ACTIVITY: Among the lines below, take the one holding "Хондромаляция медиального мыщелка.", the one holding "IPL Laser Hair", and all lines between them. Set them down exactly.

INPUT DATA:
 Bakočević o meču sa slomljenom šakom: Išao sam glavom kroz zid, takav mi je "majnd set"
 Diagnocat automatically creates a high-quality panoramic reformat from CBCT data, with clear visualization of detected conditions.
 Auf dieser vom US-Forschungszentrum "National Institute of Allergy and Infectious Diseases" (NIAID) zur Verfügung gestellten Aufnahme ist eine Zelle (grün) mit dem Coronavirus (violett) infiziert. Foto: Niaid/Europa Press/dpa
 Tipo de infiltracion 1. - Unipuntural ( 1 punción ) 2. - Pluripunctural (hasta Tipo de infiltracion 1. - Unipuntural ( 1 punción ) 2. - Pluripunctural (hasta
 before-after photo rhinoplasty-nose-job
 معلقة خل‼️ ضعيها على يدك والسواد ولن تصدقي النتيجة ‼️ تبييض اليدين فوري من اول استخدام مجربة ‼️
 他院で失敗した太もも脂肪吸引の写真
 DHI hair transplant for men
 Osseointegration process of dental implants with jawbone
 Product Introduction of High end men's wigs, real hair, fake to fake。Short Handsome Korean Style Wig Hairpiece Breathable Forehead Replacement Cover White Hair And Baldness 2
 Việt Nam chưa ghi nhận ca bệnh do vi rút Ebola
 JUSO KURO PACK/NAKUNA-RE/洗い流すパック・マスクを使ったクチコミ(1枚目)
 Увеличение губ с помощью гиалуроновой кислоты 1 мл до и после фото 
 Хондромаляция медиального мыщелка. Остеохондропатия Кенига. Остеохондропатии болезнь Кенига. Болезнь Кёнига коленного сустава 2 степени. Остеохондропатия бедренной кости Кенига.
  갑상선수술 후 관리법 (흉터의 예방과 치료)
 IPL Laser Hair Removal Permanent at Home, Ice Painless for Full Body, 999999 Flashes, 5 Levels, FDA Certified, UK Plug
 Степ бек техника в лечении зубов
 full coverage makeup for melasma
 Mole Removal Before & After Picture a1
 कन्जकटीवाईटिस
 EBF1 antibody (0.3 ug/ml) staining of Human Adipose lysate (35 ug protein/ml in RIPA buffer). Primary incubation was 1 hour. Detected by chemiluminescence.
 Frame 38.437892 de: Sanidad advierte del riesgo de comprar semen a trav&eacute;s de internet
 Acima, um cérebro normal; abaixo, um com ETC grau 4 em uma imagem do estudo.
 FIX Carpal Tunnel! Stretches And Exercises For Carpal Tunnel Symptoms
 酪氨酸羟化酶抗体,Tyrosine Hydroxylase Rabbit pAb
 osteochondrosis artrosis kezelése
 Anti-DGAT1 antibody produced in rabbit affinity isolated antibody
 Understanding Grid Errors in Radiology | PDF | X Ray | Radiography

RESULT OF THIS EXERCISE:
 Хондромаляция медиального мыщелка. Остеохондропатия Кенига. Остеохондропатии болезнь Кенига. Болезнь Кёнига коленного сустава 2 степени. Остеохондропатия бедренной кости Кенига.
  갑상선수술 후 관리법 (흉터의 예방과 치료)
 IPL Laser Hair Removal Permanent at Home, Ice Painless for Full Body, 999999 Flashes, 5 Levels, FDA Certified, UK Plug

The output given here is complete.